Purpose: To help those kids (grade school through University) with Math/Science classes. Leveraging Preparation and Repetition.

Please have them START their school year with this approach. It works even better if they are not already behind.

The usual situation is:
Schools go easy on kids in the first month, and kids are barely listening, but it is so easy, they get by. This sets their effort expectation. Anything above that is like NOOoooo!
Most kids start having real trouble around Oct/November and they are lost. They actually need to go BACK and redo all of the homework from the previous sections.
And this is hard because they are falling further behind. WEEKENDS are times to catch back up. But the point is DON'T Fall behind.

Selling Point:
Sell it to your children as: Do this now, keep your weekends later! Also, imagine getting 3-5 TIMES the value from every lecture the teacher gives. Now you don't have to re-read this stuff when it is NOT making sense 3-5 times at home, when you are struggling and no one can help you. Also, it will help you be less bored in class, because you will be FOLLOWING and LEADING (guessing) where the teacher is going next. And right or wrong, you will learn more. You will have better questions. And to be honest. You should got to EVERY Class Prepared, and COMPLETELY READ UP on the subject so you can actually participate. Since 90% of the kids don't, you are going to be in the top 10% That easily!

This also pushes your confidence higher, which helps you work faster. Think about the last time you did any work, you and NO IDEA you were doing it right. Did you FLY through it or SUFFER through it? Yeah, you suffered through it.

Okay, here is the basic setup. The goals of this process are:
A) Be Prepared for Every Lecture, and have questions ready
Just writing the questions you have and giving them a chance to be answered is the best approach (active listening).
Just have a list of new words will tell you brain to fill in the definition situationally (like when you get a new car, then suddenly notice them everywhere)
B) Work through the Examples BEFORE the teacher does. I taught. I used the examples as problems for the tests to reward the students who did them (with slight changes).
Most tests come from Examples and Homework, with changes. That's it. So do them.
This also helps you with Classification/Recognition. (Oh, this is going to use Pythagorean... Or Binomial Factorization or the Quadratic Equation)
C) Repetition... There is no better way to learn a skill than through repetition! Math/Science are skills based.
D) Acknowledgement. Knowing you have done this much work. Knowing you identified what you did not know, etc.
E) Preparation for Review (after the next block)..


TheProcess:
1) Pre-read the section before the teacher covers the material
2) Make a list of every new word as you come across it (DO NOT lookup definitions, the list is enough)
3) Work out EVERY Example on paper.
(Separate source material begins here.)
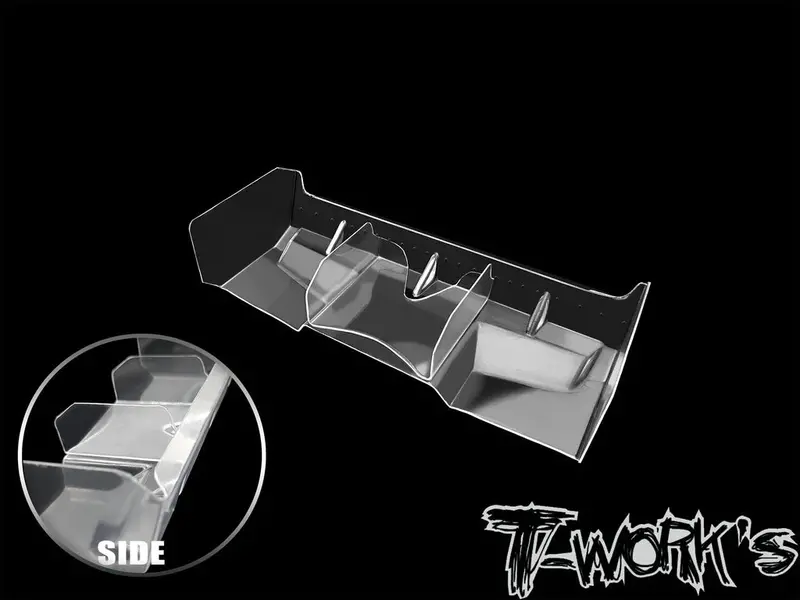 1/8Th "Sprint" Lexan Buggy Wing V2 1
Writing the EXAMPLE for your self, step by step, organized and clean
4) Waste paper. Do not cram things on one piece. One page=One Example
5) Before Class, SCAN the list of "new words" and say each of them to yourself (like buying a new car = seeing it more)
Also, scan the examples.
6) Follow along with the teacher. YOU will get 3-5 TIMES the value out of that lecture, and stop falling behind.
7) Do EVERY homework problem on a BLANK piece of paper. Write the TYPE of problem on the top of the page. Write the problem itself (this is key for Recognition/Classification). Then write the answer, step by step. Write any insights. START on a fresh page if you screw up. Check the answer...
8) Put this away. And do something else, other homework, take a 30 minute break
9) Do your homework again. This time to turn in, or for your workbook. Do every problem again. Hopefully without peeking at your previous work.
=> At this point, review the next section, make a fresh list of new words, and work the examples for what the teacher will cover tomorrow.
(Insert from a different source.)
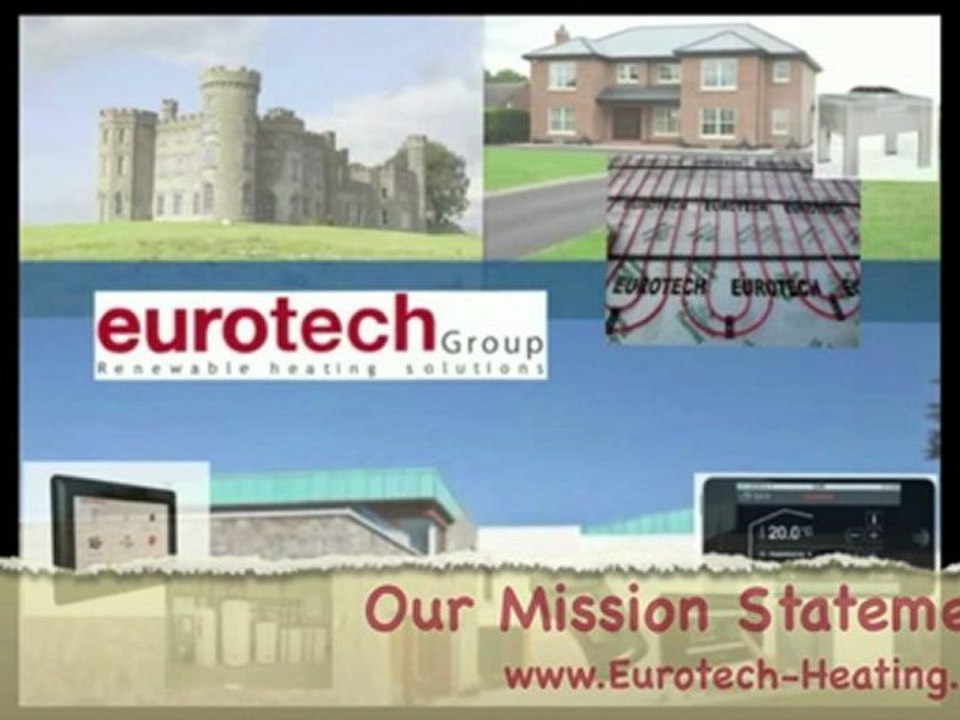 Our Mission Statement at Eurotech Group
After about 2 weeks of this, you will start seeing a difference. But stick with it, don't get lazy.

Now, to study for your tests:
1) review all the sheets with just the new words. You should define every word from memory, circle those you don't have "nailed', go back and nail them down.
2) take YOUR copy of all your homework (1 problem per page), Cover most of the page. Slowly slide down the cover, reading the problem type, then the problem.
Now solve it in your head. Slowly reveal the answer. If you did not "nail it", mark it for deeper review.
If you were totally lost, mark it to study (if you have time) [Sometimes it's not worth the time to learn 1 thing that may be 1 problem on a test!]
Go through ALL of your homework this way.
3) Larger Tests usually just mean going back further. And you are using Repetition.
4) Collect the things you did not "nail" and the other things. Devise a plan. Review

Taking the test:
Read each problem. Knowing how to classify each problem, ONLY do the problem if it is going to be fast/easy. Otherwise skip it.
If the problem is hard sounding, circle it, skip it
If the problem is Foreign/Impossible sounding, draw a square around the problem, and skip it.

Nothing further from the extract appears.